Something there is in YHWH’s justice that sets propriety to one side and makes grown men shout as though mad.
When a person or a community has ached for justice to be done, become familiar with the sour bile of longing, wondered times beyond counting whether it is vain to wait any longer when nobody seems to care, then correct decorum hardly matters. When YHWH (finally!) bares his arm to humiliate the arrogant and lift up the humble, the turning of tables is not met with quietly mumbled liturgies and neatly pressed shirts.
To the contrary, clothing becomes drenched with sweat as praise erupts from the lungs and legs of women and men who never thought they’d live to see the moment.
Even the familiar cadence of the traditional ‘make a joyful noise’ stumbles at catching the raw, throaty shouting of it all.
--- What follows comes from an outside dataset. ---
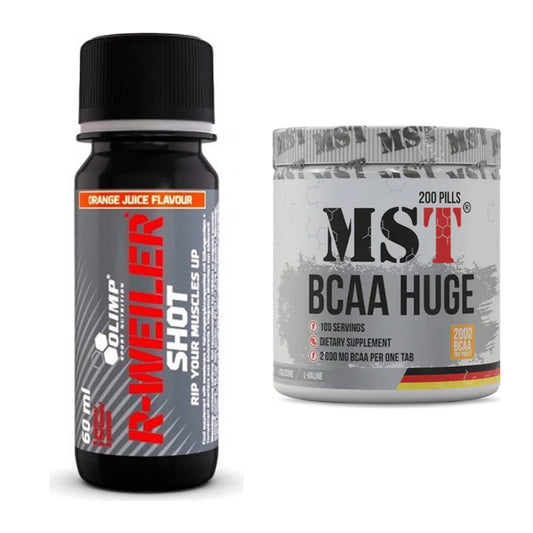 Trainings-Set: Olimp R-Weiler Shot + MST BCAA Huge 200 Tabl./ 2gr pro – alle enthaltenen Artikel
Igor Stravinsky’s musical palette, perhaps, comes closest to capturing the cacophonous beauty of praise that erupts, of shouts, of songs that break forth, of seas that roar so loudly and unpredictably that all that is known and stable shakes dangerously at their unleashed, joyful fury:
Make a joyful noise to the LORD, all the earth;
break forth into joyous song and sing praises.
Sing praises to the LORD with the lyre,
with the lyre and the sound of melody.
With trumpets and the sound of the horn
make a joyful noise before the King, the LORD.Let the sea roar, and all that fills it;
the world and those who live in it.
Let the floods clap their hands;
let the hills sing together for joy
at the presence of the LORD, for he is coming
to judge the earth.
He will judge the world with righteousness,
and the peoples with equity. (Psalm 98:4-9)
People who have felt their center of gravity tilting deathfully into the chasm, those whose necks have snapped back as their nostrils—unwanting—breathed in the stench of death, such people have not time for the measured cadences of the safe and holy.
The earth and sea become their ally, at least in the psalmist’s poetry and the heart’s longing as they shout. Dance. Leap. Roar.
YHWH is not, after all, asleep. The sum of our fears, it turns out, was a colossal miscount. Quiet prayers will wait. Shout!